Avec mon guide personnel, j’ai fait l’apprentissage d’un voyage, dans une contrée pas si lointaine, j’ai visité les pavillons dans leurs moindres replis. Balade sous la lumière dorée des verrières. J’ai admiré le Poilu de 14, sans son arme, le kiosque, le parc où dort la statue d’Amalthée. Nous nous sommes dits que les ornements étaient faits pour les regards oisifs. Nous avons échangé nos points de vue sur les mouvements d’hostilité, à l’encontre du projet d’Utopia, sur la résistance de certains locataires, sur les gens qui ne se reconnaissent plus dans l’uvre philanthropique. Nous avons évoqué les regrets des anciens Familistériens, réduits à se souvenir de l’Age d’Or, les cloisons qui s’élèvent, entre les différents pavillons.

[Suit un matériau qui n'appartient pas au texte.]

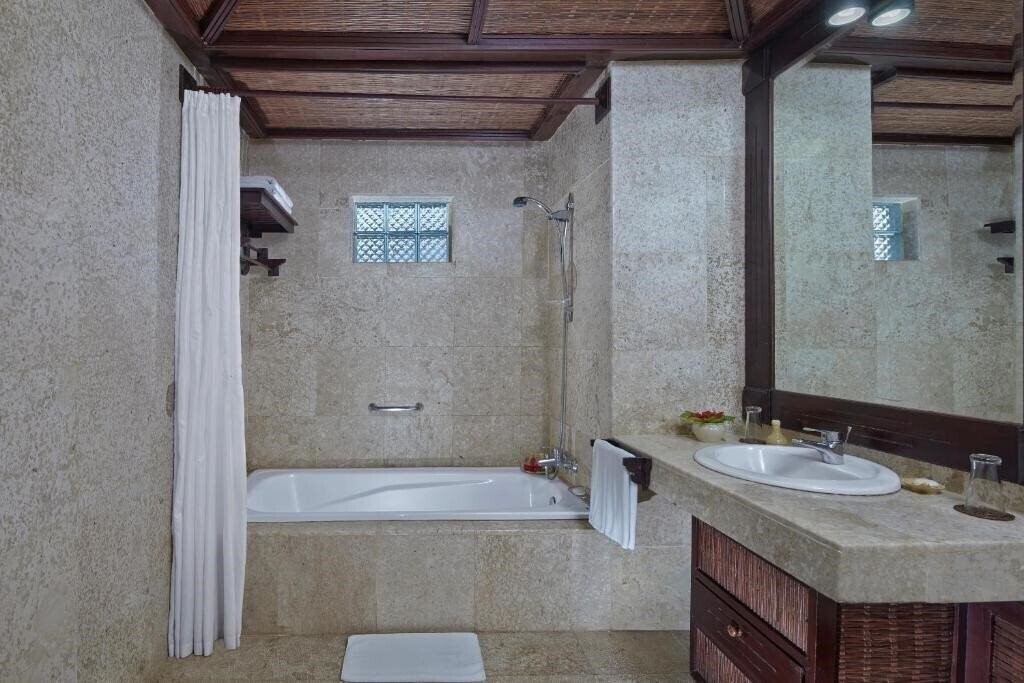 Фотографія Tjampuhan & SPA 3*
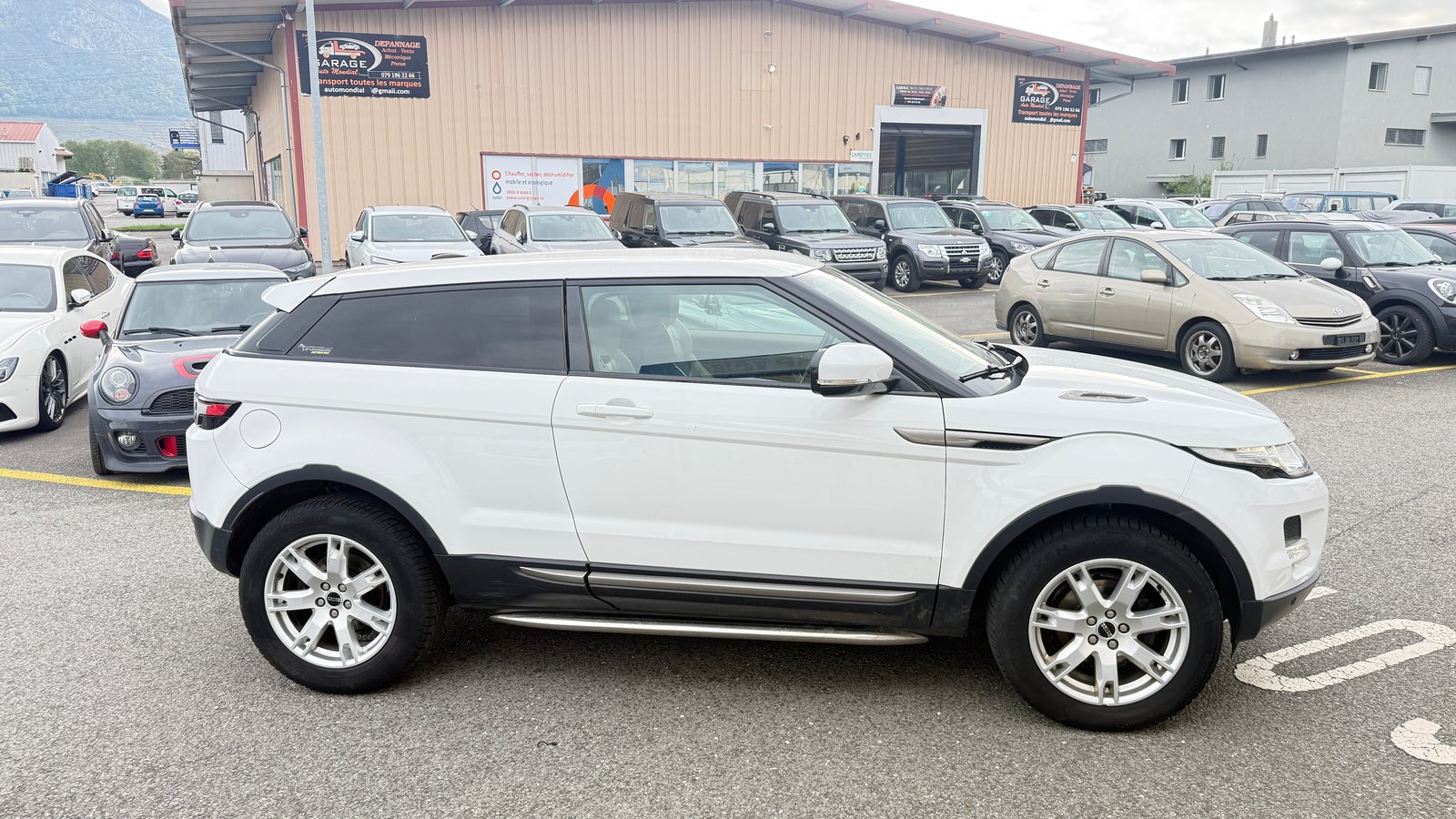 LAND ROVER Range Rover Evoque 2.2 TD4 Prestige AT6, Diesel, Occasion / Gebraucht, Automatik - 5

Pour illustrer son propos, madame Douay m’a rappelé le récit de monsieur Baudaux. ( j’ai lu le livre par la suite ). Humble témoignage d’un parcours, sans faille apparente, de l’école à l’usine. La voie, toute tracée, ponctuée de fêtes solennelles, dans la cour centrale.
… vocation des jalousies alentour, des batailles sur les crassiers de l’usine, contre les gens de Robbé. La Guerre des Boutons à la sauce des Guisards. Un monde perdu.
Mais assez de nostalgie. Nous nous sommes projetés dans l’avenir aussi, car il s’agit de colmater les murs lézardés, de restaurer l’économat, de sauvegarder l’espace construit, soumis à l’indécision de l’oubli.
Une dernière halte au Café des Sports, dans la rue André Godin.
Un type «sympa» est derrière le comptoir. L’homme est sensible et attentionné. De la gouaille de bistrot. Nous nous envoyons des signes de sympathie. Les mêmes atomes crochus.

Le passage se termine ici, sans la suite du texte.